Comments - What to Do if MariaDB Doesn't Start

 
5 years, 1 month ago Dana Williams

One of the first things you suggest at the top of this document is using these commands to locate the error log and data directory. Will these commands run if "MariaDB Doesn't Start"?

mysqld --help --verbose | grep 'log-error' | tail -1 mysqld --help --verbose | grep 'datadir' | tail -1

 
4 years, 11 months ago Ian Gilfillan

Not always, but in many cases yes.

 
5 years, 7 months ago Jose Linux

I have upgraded clean debian 7 to debian 9 and I have installed mariadb-server-10.1.37 (amd64) in my VPS.

MariaDB doesn't start.

  1. systemctl status mariadb.service
  • mariadb.service - MariaDB 10.1.37 database server Loaded: loaded (/lib/systemd/system/mariadb.service; enabled; vendor preset: enabled) Active: failed (Result: exit-code) since Sat 2019-01-18 00:56:28 CET; 7s ago Docs: man:mysqld(8) https://mariadb.com/kb/en/library/systemd/ Process: 6183 ExecStartPre=/usr/bin/install -m 755 -o mysql -g root -d /var/run/mysqld (code=exited, status=226/NAMESPACE)

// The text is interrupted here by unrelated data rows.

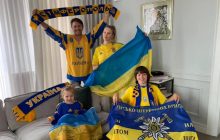 "Все будет Украина!": известный шоумен с семьей поразил сеть патриотичным фото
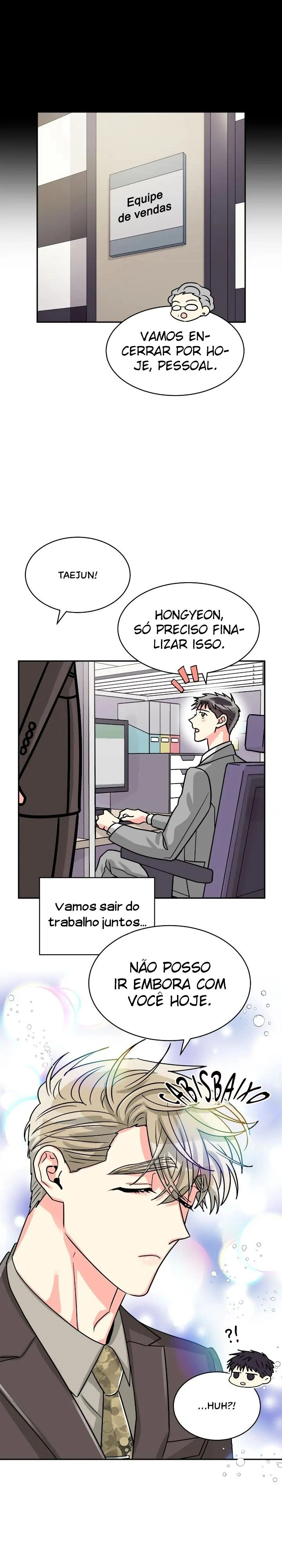 O cupido do departamento de vendas Capítulo 36 Página 7
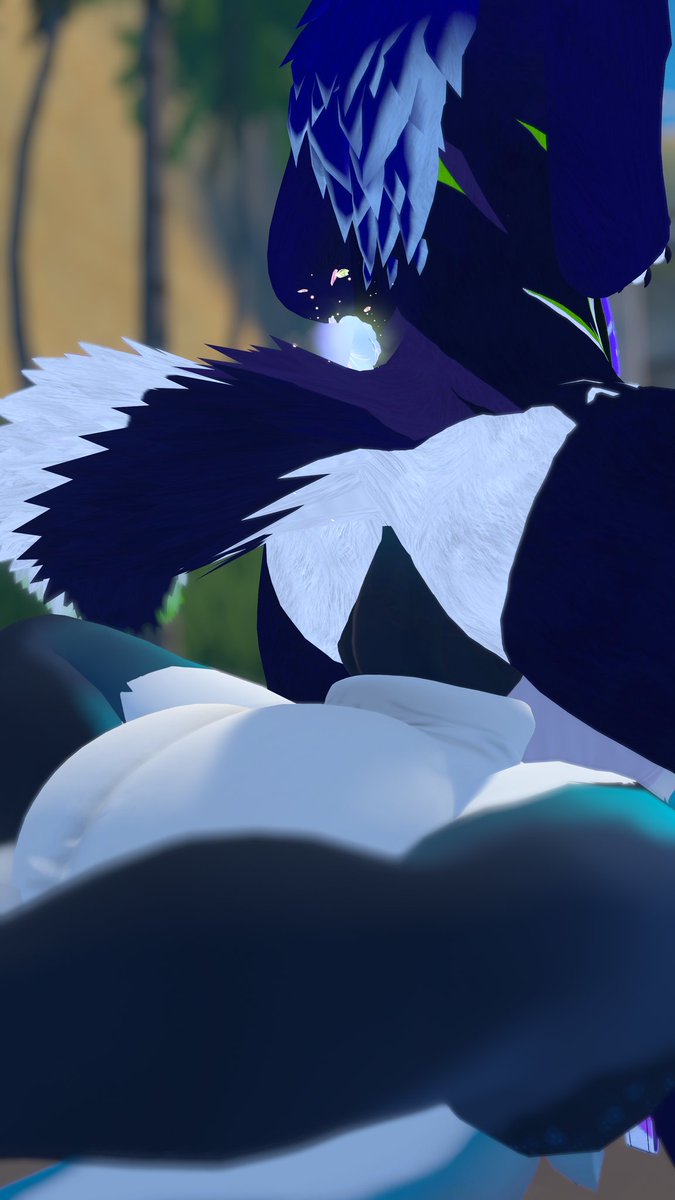 Fonkz_Buh's tweet photo. Got a little distracted when fishing with @WADffle32 this afternoon~

Definitely wouldn't mind getting distracted like this again~

#Vulper #CanisRevamp #Vrc #Hyper https://t.co/4PM6eHOe7G
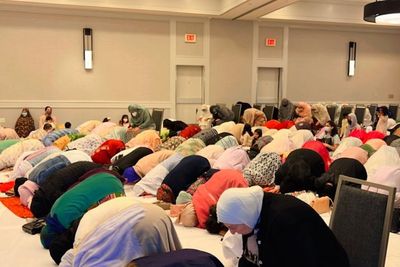 Merinding! Nama Indonesia Menggema Dalam Khotbah Salat Id di Amerika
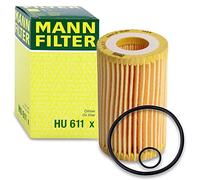 Filtro olio MANN-FILTER HU 611 x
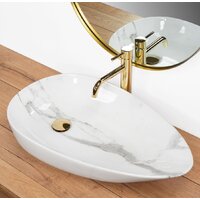 Умывальник Rea Greta 65 Bianco Shiny REA-U6501 - Превью изображения №6 — Интернет-магазин Time-Shop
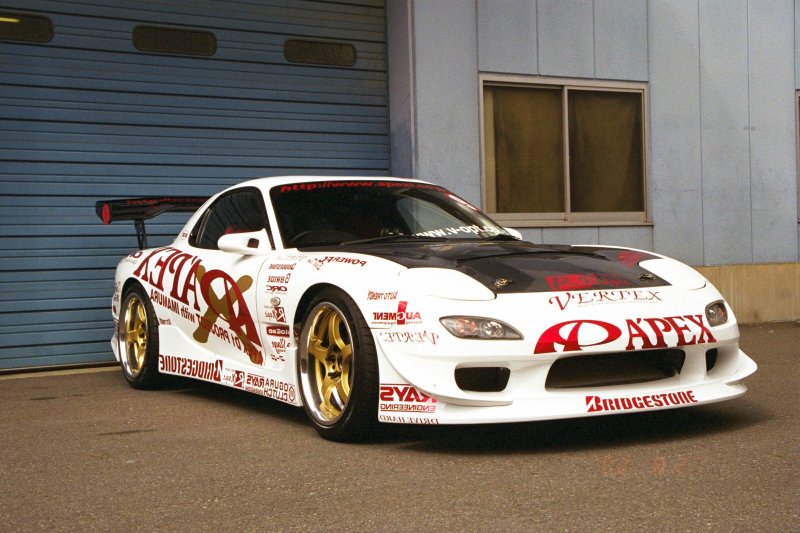 画像22: 【VERTEX】FD3S RX-7（アールエックスセブン）3P Kit（3点キット） (22)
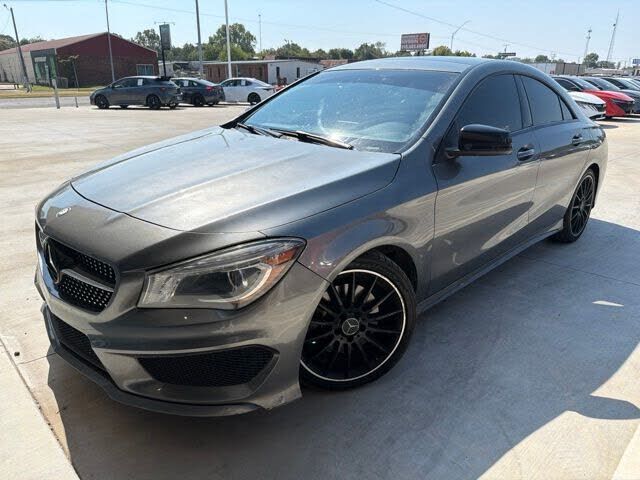 2014 Mercedes-Benz CLA-Class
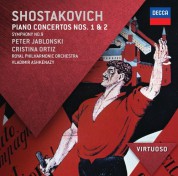 Peter Jablonski, Cristina Ortiz, Royal Philharmonic Orchestra, Vladimir Ashkenazy: Shostakovich: Piano Concertos Nos.1 & 2; Symphony No.9 - CD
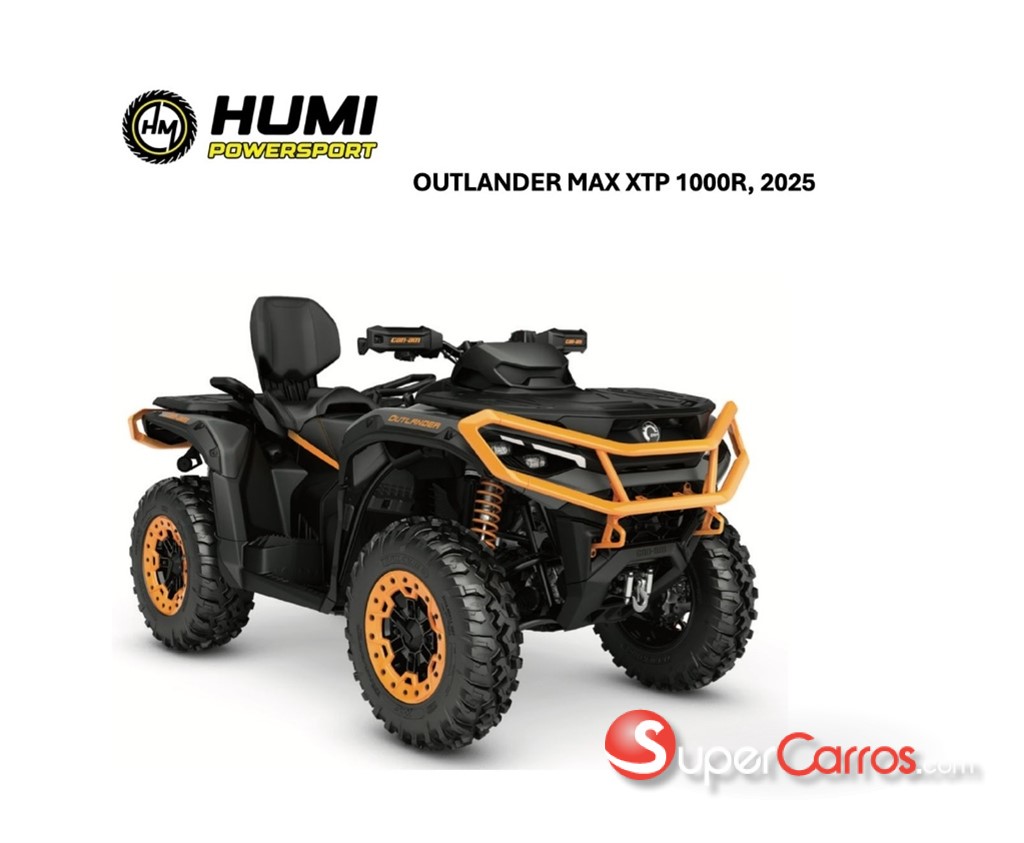 2025 Can Am Outlander MAX XT-P 1000R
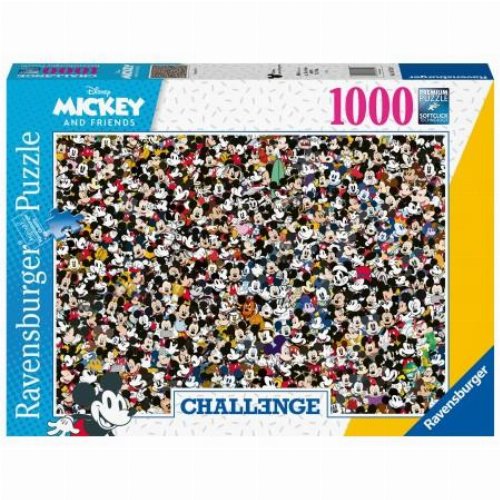 Puzzle 1000 pieces - Challenge: Mickey
Mouse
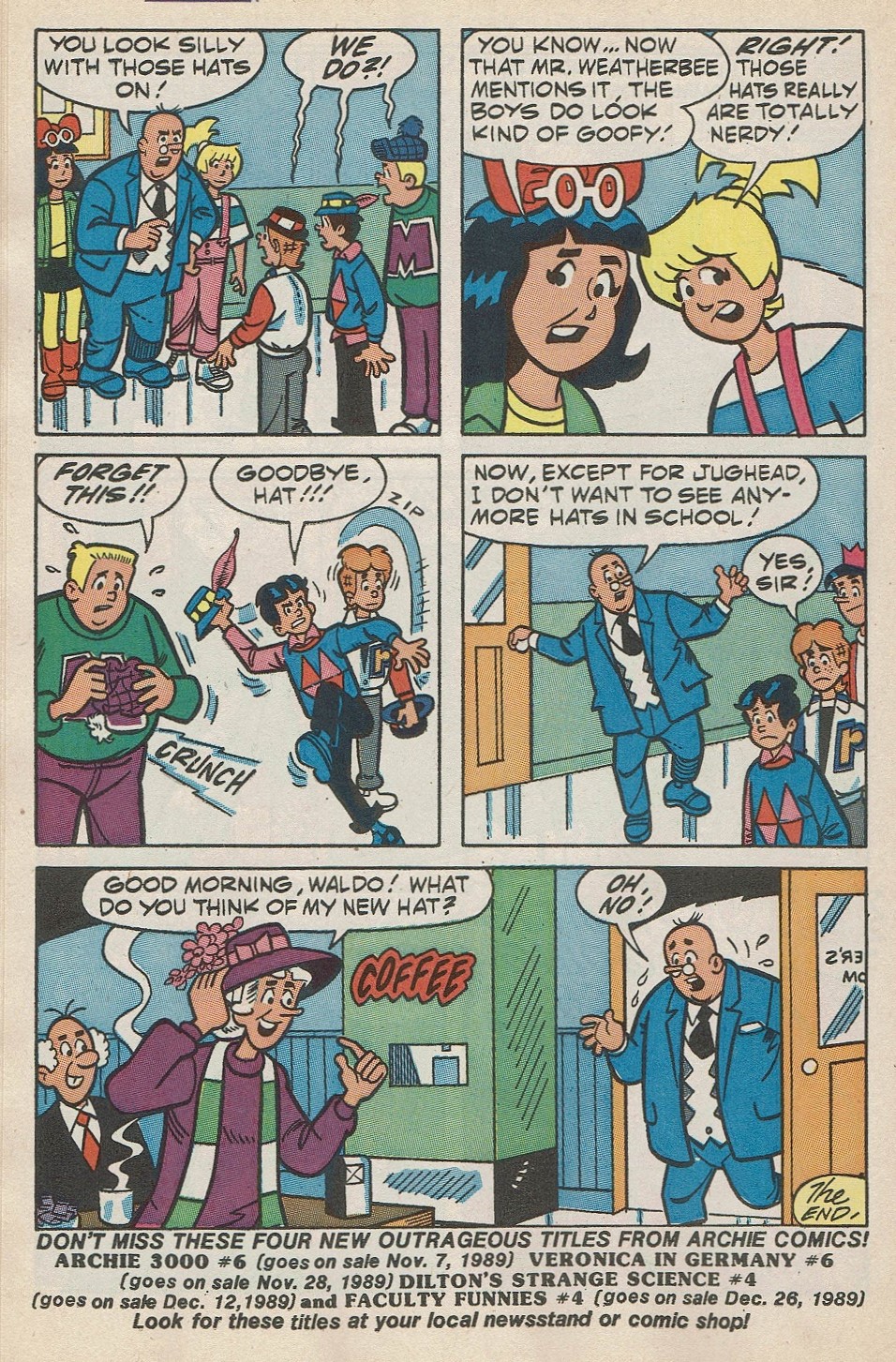 Read online The New Archies comic -  Issue #20 - 24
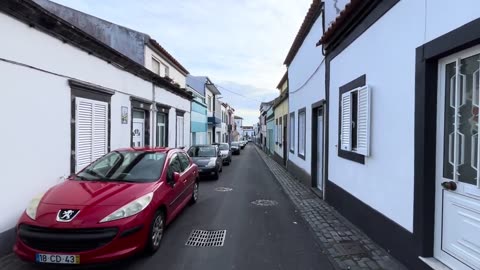 São Pedro / Ponta Delgada Walking Tour, Sao Miguel Azores Portugal - 13.12.2023 #SaoPedro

ene 18 00:56:28 xxxxx.server.info install[6183]: mariadb.service: Failed at step NAMESPACE spawning /usr/bin/install: Value too large for defined data type

I have googled but I don't find solution for this problem. What can I do to solve it ?

 
7 years, 1 month ago comar

As Leho mentioned it may be also a case, f.e. if you update your Debian 8 installation to Debian 9. I had my datadir symlinked from /var/lib/mysql to my /home/mysql and I was getting errcode 13 Permission denied, even if mysql users had all the chmod's properly set. I had to change ProtectHome to false in /etc/systemd/system/multi-user.target.wants/mariadb.service

 
7 years ago Damien Norris

Further to the Debian 9 issue where you get Permission Denied if your data dir is located under /home....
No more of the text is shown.